In the alpha-particle scattering experiment, if a thin sheet of solid hydrogen is used in place of a gold foil, then the scattering angle would not be large enough. This is because the mass of hydrogen (1.67 × 10⁻²⁷ kg) is less than the mass of incident α−particles (6.64 × 10⁻²⁷ kg). Thus, the mass of the scattering particle is more than the target nucleus (hydrogen). As a result, the α−particles would not bounce back if solid hydrogen is used in the α-particle scattering experiment.
The ground state energy of hydrogen atom is −13.6 eV. What are the kinetic and potential energies of the electron in this state?
Ground state energy of hydrogen atom, E = − 13.6 eV This is the total energy of a hydrogen atom. Kinetic energy is equal to the negative of the total energy. Kinetic energy = − E = − (− 13.6) = 13.6 eV Potential energy is equal to the negative of two times of kinetic energy. Potential energy = − 2 × (13.6) = − 27.2 eV
Is the average angle of deflection of α-particles by a thin gold foil predicted by Thomson’s model much less, about the same, or much greater than that predicted by Rutherford’s model?
About the same, The average angle of deflection of α-particles by a thin gold foil predicted by Thomson’s model is about the same size as predicted by Rutherford’s model. This is because the average angle was taken in both models.
Is the probability of backward scattering (i.e., scattering of α-particles at angles greater than 90°) predicted by Thomson’s model much less, about the same, or much greater than that predicted by Rutherford’s model?
Much less. The probability of scattering of α-particles at angles greater than 90° predicted by Thomson’s model is much less than that predicted by Rutherford’s model.
Keeping other factors fixed, it is found experimentally that for small thickness t, the number of α-particles scattered at moderate angles is proportional to t. What clue does this linear dependence on t provide?
Scattering is mainly due to single collisions. The chances of a single collision increases linearly with the number of target atoms.
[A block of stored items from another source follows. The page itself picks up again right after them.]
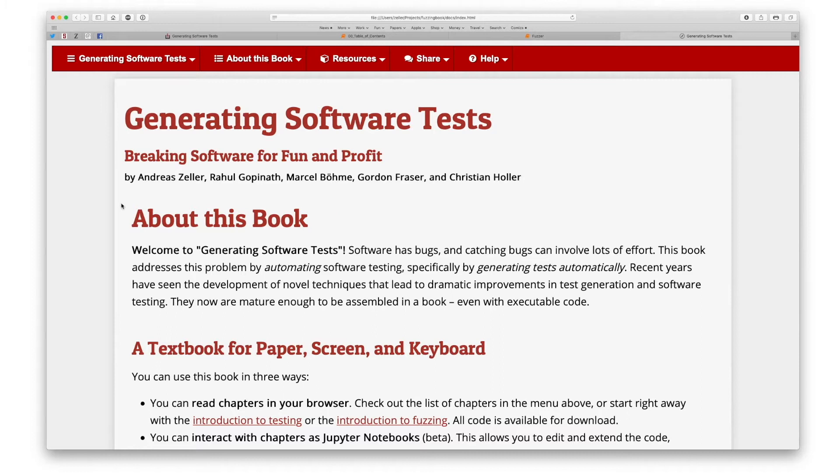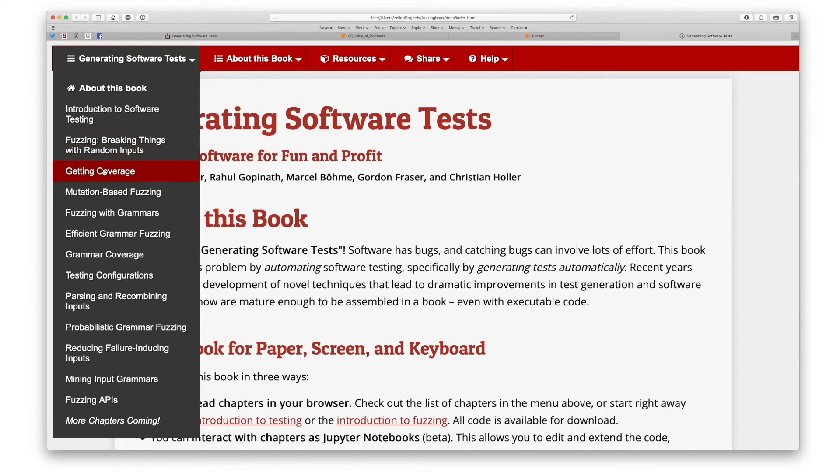We will cover, however, plenty of exciting techniques, such as random fuzzing, mutation-based fuzzing, grammar-based test generation, symbolic testing and many more, illustrating all techniques with code examples that are ready to use.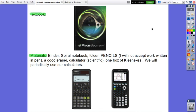The textbook used is Geometry from Envision Savas. The materials you are going to need in the class of Geometry are: a binder, spiral notebook, folders, pencils — I will not accept any work written in pen — a good eraser, sharpener, and a scientific calculator. If some of you have the graphing calculator it will be okay, but the scientific calculator with solver is easier to use in geometry, and we will periodically use these calculators.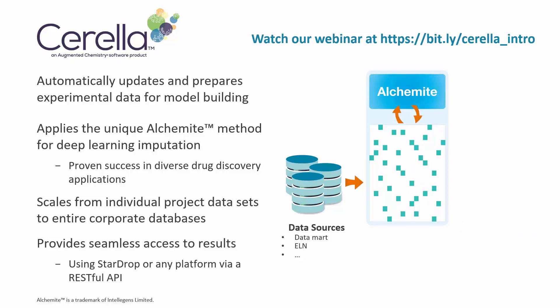Using the proven Alchemite deep learning method, it can build multi-target models for individual projects through to entire corporate databases containing millions of compounds and thousands of experimental endpoints.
Since the number of target atoms increase with an increase in thickness, the collision probability depends linearly on the thickness of the target.
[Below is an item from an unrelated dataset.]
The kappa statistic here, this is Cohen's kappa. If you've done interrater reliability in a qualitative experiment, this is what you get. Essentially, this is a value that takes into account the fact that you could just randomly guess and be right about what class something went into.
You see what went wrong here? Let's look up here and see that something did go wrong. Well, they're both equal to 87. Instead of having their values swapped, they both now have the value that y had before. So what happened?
In which model is it completely wrong to ignore multiple scattering for the calculation of average angle of scattering of α-particles by a thin foil?
Thomson’s model. It is wrong to ignore multiple scattering in Thomson’s model for the calculation of average angle of scattering of α−particles by a thin foil. This is because a single collision causes very little deflection in this model. Hence, the observed average scattering angle can be explained only by considering multiple scattering.
If Bohr’s quantisation postulate (angular momentum = nh/2π) is a basic law of nature, it should be equally valid for the case of planetary motion also. Why then do we never speak of quantisation of orbits of planets around the sun?
We never speak of quantization of orbits of planets around the Sun because the angular momentum associated with planetary motion is largely relative to the value of Planck’s constant (h). The angular momentum of the Earth in its orbit is of the order of 1070h. This leads to a very high value of quantum levels n of the order of 1070. For large values of n, successive energies and angular momenta are relatively very small. Hence, the quantum levels for planetary motion are considered continuous.